2. The maximum working-days of protective legislation: the hygienic working-day, the working-day of women and children, the extended factory working-day.

And first the hygienic working-day.

This is imposed on certain occupations and businesses on account of the dangers to health arising out of the work, and on account of the strength required in the work.

It is no longer opposed by any party. It is fully dealt with in the von Berlepsch Bill in the above-mentioned provision of the penultimate paragraph of § 120a.

By the insertion of this provision in Section I. of Chapter VII. of the Imperial Industrial Code, the hygienic maximum working-day may be extended by order of the Bundesrath (Federal Council) over the whole sphere of industrial labour, not merely of factory and quasi-factory labour.
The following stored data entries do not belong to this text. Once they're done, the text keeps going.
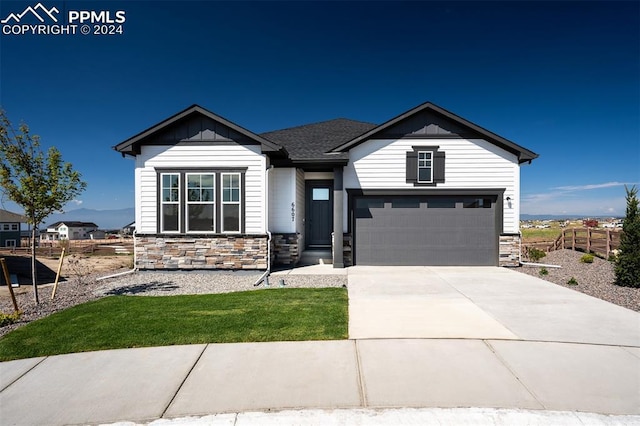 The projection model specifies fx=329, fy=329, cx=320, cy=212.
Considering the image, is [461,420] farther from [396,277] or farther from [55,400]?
[396,277]

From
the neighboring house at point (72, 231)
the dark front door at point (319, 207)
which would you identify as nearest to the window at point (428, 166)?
the dark front door at point (319, 207)

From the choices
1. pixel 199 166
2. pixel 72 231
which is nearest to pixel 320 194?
pixel 199 166

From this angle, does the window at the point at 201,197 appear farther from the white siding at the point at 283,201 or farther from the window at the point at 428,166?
the window at the point at 428,166

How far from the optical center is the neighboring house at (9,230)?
31266 mm

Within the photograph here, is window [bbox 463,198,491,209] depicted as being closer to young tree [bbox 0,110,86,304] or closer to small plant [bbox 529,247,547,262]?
small plant [bbox 529,247,547,262]

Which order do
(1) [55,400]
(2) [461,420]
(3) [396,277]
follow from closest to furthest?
(2) [461,420], (1) [55,400], (3) [396,277]

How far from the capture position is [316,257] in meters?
12.2

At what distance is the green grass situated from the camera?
4.49 meters

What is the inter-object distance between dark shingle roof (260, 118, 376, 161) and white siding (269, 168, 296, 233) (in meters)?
0.72

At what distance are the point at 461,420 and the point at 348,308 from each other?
3247mm

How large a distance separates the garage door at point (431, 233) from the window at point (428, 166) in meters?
0.55

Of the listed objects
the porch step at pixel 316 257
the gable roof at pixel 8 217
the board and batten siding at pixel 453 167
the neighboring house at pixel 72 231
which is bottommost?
the neighboring house at pixel 72 231

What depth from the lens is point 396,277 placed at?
29.9 feet

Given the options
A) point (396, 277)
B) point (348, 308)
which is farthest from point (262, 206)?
point (348, 308) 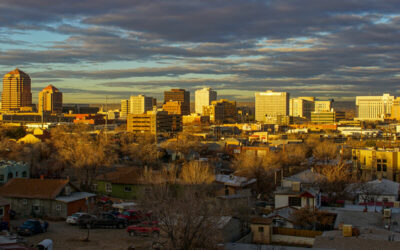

The Berlin Conference (resolutions 1, 2) demands the hygienic maximum working-day for mining industries.

It is hardly necessary to prove that the hygienic maximum working-day cannot be obtained merely by the efforts of the workers in self-protection or by the general good-will of the united employers, without general enforcement by enactment or regulation. Some employers are unwilling even to maintain the shortening of the normal working-day necessary to health, others who would be willing are prevented by competition so long as the hygienic working-day is not enforced generally and uniformly by enactment or regulation throughout that particular branch of industry. The extension of the hygienic maximum working-day to all occupations dangerous to health throughout the whole sphere of industrial labour, is justified as a necessary measure of Labour Protection.

No nation will suffer in the long run from the full extension of the hygienic working-day. It is probable that the governments will advance side by side in this direction.

The factory working-day for women and juvenile workers.

This has long been enforced. The distress which brought it under the notice of the English legislature has justified it for all time. It is now scarcely contested.

Without special intervention of the State, the considerate employer is not able to grant the ten hours limit, even to women and juvenile workers, on account of his unscrupulous competitors.